[What you should do] Copy out, from the entries below, each line holding the string "Studies".

[Study material]
----

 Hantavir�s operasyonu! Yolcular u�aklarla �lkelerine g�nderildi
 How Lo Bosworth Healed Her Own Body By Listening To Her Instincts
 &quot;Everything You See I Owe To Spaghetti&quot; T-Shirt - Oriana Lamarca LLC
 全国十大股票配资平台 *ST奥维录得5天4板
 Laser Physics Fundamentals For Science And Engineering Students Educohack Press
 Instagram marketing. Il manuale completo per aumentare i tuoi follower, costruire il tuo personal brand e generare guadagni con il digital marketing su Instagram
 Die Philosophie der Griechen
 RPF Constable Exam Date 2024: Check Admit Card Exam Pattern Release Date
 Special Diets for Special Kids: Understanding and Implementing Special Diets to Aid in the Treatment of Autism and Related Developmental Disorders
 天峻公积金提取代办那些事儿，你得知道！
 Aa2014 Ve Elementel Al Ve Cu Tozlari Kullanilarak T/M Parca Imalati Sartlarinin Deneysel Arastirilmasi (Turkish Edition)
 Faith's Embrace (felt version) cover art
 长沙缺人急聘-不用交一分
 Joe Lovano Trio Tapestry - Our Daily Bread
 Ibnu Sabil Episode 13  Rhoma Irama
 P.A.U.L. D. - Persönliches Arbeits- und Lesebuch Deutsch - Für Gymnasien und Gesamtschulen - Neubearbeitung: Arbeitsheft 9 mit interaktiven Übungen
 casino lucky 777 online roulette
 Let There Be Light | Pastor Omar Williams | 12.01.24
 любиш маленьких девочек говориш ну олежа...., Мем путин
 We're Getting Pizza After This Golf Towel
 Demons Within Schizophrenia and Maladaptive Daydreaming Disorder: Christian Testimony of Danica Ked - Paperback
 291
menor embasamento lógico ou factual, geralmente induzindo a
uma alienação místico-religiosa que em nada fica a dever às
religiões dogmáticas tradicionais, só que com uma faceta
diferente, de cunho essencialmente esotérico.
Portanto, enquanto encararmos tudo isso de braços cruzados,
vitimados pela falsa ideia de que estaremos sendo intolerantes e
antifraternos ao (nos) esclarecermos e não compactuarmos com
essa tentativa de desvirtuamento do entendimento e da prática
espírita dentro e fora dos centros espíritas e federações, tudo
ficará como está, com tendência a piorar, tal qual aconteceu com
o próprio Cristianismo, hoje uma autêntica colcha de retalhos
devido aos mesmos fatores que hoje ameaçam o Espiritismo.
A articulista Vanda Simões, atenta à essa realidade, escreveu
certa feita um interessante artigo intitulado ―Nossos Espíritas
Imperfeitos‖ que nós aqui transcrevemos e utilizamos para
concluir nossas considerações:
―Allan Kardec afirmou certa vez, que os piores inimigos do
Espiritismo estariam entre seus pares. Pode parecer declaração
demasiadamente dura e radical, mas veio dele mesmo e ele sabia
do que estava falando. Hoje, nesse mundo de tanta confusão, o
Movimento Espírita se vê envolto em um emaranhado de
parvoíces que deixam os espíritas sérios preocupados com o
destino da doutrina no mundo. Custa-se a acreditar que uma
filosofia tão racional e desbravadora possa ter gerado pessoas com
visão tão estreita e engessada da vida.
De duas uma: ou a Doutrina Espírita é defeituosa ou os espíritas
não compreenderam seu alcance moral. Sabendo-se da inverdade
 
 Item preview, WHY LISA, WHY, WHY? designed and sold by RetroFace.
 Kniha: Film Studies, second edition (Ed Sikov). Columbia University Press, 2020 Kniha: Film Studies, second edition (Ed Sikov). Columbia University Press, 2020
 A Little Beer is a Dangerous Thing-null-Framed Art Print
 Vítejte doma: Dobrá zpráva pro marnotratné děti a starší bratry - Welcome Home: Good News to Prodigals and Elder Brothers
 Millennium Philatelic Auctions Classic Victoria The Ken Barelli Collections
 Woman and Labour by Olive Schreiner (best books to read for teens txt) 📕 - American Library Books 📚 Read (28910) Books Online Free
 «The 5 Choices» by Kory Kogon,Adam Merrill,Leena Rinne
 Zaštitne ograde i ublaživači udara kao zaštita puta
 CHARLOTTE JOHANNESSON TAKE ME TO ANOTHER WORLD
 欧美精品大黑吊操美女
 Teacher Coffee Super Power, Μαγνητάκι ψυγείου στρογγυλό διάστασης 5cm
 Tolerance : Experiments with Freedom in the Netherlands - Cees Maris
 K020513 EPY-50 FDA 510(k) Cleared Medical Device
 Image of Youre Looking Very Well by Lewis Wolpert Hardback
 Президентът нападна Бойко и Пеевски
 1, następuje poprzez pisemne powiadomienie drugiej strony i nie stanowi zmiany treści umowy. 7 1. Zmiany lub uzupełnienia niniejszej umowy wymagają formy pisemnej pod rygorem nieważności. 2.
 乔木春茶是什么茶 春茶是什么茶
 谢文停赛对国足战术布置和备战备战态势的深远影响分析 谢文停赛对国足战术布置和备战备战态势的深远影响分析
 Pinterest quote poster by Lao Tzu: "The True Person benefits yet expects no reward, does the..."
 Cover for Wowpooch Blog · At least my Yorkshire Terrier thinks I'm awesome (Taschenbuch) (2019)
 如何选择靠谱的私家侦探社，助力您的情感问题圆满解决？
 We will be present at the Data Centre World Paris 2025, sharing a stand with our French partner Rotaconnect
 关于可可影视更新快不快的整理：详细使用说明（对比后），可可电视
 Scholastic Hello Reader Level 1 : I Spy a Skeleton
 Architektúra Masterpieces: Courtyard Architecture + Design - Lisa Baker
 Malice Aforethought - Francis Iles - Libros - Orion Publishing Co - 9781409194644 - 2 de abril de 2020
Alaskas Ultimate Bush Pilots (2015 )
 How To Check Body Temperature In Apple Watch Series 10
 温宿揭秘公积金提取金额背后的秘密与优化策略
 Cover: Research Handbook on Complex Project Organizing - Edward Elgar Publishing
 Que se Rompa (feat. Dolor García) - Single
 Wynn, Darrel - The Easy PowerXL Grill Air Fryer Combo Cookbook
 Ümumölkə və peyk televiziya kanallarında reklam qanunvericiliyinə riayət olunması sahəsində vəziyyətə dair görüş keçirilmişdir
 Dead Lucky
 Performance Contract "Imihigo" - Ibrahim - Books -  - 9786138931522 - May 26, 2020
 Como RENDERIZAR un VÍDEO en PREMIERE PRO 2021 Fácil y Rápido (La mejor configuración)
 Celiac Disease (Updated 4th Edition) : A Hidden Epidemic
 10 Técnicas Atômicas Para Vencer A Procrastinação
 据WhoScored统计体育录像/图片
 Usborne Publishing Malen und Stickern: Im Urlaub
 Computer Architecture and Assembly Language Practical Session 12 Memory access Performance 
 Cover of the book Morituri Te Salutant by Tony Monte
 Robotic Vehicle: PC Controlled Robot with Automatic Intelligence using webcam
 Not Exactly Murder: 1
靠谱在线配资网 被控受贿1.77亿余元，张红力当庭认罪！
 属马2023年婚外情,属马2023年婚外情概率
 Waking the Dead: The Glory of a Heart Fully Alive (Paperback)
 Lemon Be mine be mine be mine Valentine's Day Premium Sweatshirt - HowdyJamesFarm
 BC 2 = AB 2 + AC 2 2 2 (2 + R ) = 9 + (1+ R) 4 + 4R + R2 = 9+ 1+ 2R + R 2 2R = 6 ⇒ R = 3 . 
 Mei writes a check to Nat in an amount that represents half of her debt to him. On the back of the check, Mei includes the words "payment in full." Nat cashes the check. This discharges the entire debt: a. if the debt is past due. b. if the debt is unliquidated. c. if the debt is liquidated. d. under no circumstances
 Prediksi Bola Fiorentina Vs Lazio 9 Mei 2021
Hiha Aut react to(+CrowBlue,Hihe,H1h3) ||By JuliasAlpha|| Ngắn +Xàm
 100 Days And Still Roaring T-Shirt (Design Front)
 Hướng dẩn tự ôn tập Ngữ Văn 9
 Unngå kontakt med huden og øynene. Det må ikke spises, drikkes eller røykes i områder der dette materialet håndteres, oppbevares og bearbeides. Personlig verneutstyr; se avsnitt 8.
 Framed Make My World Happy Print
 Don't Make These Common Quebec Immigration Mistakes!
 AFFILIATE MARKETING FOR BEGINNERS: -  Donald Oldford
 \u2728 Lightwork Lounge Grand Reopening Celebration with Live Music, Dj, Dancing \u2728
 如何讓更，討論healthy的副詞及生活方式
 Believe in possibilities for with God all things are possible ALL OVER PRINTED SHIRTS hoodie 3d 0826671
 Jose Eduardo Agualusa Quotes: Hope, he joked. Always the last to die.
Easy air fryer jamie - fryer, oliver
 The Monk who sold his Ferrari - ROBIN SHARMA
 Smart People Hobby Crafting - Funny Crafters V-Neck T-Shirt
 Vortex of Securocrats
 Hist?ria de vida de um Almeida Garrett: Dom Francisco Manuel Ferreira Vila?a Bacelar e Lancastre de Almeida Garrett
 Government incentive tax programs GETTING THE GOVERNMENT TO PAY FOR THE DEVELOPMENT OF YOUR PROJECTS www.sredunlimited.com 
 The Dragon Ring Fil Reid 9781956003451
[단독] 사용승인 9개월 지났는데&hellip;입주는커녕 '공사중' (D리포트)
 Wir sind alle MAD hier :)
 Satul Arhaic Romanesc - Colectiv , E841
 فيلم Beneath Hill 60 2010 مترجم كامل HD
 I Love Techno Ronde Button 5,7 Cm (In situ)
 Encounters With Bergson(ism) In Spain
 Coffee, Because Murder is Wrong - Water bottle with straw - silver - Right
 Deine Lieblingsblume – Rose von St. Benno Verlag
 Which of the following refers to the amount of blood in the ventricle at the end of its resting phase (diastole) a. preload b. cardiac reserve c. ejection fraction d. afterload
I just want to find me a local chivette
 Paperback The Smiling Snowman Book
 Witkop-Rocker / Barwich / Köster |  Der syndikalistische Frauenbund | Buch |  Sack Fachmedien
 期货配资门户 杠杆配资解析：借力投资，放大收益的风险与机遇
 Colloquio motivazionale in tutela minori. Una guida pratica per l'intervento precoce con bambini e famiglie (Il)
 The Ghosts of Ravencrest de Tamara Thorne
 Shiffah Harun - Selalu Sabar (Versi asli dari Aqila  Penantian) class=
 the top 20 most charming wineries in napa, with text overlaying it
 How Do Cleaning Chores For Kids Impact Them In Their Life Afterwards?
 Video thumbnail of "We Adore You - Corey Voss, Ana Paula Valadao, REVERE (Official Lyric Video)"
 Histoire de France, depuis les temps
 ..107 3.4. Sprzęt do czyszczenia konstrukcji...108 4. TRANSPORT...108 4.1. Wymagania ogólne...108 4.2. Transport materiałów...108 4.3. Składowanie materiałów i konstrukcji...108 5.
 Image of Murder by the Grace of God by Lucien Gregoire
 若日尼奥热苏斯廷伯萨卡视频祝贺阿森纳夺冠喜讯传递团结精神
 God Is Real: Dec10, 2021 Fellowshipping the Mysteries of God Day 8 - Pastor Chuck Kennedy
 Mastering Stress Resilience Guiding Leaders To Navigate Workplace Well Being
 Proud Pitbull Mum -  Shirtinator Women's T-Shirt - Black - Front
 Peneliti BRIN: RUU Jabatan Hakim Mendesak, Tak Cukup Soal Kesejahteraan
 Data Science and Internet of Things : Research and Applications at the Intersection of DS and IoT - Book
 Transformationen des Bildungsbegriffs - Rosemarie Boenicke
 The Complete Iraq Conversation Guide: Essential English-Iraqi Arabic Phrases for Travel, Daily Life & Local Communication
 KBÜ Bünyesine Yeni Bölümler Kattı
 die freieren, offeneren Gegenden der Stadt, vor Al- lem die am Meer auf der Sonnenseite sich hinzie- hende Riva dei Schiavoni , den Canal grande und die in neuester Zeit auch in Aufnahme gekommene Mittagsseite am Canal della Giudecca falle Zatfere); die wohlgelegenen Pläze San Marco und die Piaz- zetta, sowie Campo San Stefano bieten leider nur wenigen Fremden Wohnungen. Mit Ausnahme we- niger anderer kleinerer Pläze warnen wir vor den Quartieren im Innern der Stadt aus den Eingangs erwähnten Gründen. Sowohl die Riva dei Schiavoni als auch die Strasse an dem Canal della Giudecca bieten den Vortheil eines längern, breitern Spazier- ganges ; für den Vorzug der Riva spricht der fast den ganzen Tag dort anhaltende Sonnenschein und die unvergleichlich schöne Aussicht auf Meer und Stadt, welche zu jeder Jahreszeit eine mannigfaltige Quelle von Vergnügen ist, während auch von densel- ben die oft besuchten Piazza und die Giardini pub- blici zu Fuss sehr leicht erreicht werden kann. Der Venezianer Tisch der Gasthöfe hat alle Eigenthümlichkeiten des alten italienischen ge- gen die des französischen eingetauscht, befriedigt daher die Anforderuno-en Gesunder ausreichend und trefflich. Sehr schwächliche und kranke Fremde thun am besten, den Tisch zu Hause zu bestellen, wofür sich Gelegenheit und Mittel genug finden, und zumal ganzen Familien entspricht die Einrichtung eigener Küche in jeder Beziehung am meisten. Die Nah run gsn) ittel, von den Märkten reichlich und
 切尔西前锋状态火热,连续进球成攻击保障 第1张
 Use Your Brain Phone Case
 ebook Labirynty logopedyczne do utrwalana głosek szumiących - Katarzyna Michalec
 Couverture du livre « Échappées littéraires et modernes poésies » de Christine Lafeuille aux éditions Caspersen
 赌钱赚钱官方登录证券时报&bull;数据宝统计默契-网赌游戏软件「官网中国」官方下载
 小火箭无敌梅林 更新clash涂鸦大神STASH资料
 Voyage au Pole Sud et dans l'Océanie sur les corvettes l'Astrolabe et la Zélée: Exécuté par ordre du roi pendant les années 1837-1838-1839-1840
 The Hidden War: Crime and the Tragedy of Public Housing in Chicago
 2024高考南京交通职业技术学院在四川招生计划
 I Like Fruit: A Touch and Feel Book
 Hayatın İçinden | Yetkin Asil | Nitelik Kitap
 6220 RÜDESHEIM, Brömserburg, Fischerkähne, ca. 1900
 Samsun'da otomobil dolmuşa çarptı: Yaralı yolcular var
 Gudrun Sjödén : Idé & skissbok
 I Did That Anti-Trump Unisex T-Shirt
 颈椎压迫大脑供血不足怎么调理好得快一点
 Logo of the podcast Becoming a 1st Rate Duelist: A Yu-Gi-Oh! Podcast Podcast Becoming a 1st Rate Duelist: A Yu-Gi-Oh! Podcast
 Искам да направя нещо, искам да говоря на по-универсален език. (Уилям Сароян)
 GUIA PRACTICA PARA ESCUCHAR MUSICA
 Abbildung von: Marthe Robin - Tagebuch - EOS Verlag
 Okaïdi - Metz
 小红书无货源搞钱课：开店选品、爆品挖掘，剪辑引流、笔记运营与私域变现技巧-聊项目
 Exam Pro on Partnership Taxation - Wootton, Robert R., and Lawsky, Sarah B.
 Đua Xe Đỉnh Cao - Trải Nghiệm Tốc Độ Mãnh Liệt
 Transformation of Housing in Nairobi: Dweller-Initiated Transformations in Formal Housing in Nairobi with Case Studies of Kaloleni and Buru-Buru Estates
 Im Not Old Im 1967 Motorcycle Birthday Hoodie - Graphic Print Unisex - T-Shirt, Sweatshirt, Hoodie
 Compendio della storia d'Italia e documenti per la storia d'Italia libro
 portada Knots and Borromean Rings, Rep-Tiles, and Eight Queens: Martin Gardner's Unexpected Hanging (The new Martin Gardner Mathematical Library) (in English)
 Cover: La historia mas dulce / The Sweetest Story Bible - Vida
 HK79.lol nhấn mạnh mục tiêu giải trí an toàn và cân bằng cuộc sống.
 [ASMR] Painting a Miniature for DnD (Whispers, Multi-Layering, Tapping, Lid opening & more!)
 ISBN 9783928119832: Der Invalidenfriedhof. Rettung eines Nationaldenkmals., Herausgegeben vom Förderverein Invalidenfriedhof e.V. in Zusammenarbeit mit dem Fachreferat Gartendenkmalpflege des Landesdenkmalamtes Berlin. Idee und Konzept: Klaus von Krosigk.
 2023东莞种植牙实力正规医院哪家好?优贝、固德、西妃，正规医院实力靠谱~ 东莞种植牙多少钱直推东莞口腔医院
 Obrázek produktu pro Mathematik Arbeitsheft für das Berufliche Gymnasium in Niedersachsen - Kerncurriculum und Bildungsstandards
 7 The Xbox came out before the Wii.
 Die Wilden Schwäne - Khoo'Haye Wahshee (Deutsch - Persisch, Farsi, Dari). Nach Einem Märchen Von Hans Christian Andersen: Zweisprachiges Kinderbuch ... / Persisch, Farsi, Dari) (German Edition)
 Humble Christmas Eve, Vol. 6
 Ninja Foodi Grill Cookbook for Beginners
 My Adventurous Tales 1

----

[Task answer]
 Kniha: Film Studies, second edition (Ed Sikov). Columbia University Press, 2020 Kniha: Film Studies, second edition (Ed Sikov). Columbia University Press, 2020
 Transformation of Housing in Nairobi: Dweller-Initiated Transformations in Formal Housing in Nairobi with Case Studies of Kaloleni and Buru-Buru Estates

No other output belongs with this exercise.